_Assigned task:_ Of all the entries below, retype only the lines from the one with "New Outdoor Casual" through the one with "Complex Magnésio 3", exactly as they appear.

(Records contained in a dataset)
---
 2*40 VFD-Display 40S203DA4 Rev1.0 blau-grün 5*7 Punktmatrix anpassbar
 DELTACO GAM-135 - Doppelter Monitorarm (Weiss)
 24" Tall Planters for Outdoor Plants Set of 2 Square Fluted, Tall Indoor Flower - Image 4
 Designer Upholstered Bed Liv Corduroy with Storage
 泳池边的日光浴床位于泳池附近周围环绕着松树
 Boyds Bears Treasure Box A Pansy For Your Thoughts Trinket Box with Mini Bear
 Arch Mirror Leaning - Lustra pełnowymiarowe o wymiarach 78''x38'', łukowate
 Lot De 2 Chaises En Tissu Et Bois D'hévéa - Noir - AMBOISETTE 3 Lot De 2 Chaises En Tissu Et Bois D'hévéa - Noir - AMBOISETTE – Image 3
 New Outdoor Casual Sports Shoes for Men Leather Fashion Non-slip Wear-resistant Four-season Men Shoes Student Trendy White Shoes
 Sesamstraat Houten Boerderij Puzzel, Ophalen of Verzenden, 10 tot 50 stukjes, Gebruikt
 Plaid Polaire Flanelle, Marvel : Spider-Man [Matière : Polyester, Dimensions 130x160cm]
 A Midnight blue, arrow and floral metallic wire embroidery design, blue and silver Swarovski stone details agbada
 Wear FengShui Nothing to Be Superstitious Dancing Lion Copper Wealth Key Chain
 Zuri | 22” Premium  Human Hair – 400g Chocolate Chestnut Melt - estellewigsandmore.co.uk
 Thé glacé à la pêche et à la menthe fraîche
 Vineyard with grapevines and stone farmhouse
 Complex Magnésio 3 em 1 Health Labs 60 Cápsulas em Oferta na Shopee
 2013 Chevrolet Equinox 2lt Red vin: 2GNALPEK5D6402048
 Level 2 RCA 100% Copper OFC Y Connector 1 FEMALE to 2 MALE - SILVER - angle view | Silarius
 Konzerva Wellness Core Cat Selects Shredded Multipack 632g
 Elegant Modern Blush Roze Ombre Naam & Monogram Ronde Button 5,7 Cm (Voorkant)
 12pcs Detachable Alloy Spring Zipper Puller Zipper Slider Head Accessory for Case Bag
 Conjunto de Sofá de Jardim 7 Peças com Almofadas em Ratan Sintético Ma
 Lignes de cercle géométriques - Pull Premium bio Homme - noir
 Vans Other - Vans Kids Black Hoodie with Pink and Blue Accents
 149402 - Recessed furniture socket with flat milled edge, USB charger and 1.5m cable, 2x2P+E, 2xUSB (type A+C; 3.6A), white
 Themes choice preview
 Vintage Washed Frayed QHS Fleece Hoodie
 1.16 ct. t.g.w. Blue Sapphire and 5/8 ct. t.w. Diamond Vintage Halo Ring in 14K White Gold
---
_Problem solution:_
 New Outdoor Casual Sports Shoes for Men Leather Fashion Non-slip Wear-resistant Four-season Men Shoes Student Trendy White Shoes
 Sesamstraat Houten Boerderij Puzzel, Ophalen of Verzenden, 10 tot 50 stukjes, Gebruikt
 Plaid Polaire Flanelle, Marvel : Spider-Man [Matière : Polyester, Dimensions 130x160cm]
 A Midnight blue, arrow and floral metallic wire embroidery design, blue and silver Swarovski stone details agbada
 Wear FengShui Nothing to Be Superstitious Dancing Lion Copper Wealth Key Chain
 Zuri | 22” Premium  Human Hair – 400g Chocolate Chestnut Melt - estellewigsandmore.co.uk
 Thé glacé à la pêche et à la menthe fraîche
 Vineyard with grapevines and stone farmhouse
 Complex Magnésio 3 em 1 Health Labs 60 Cápsulas em Oferta na Shopee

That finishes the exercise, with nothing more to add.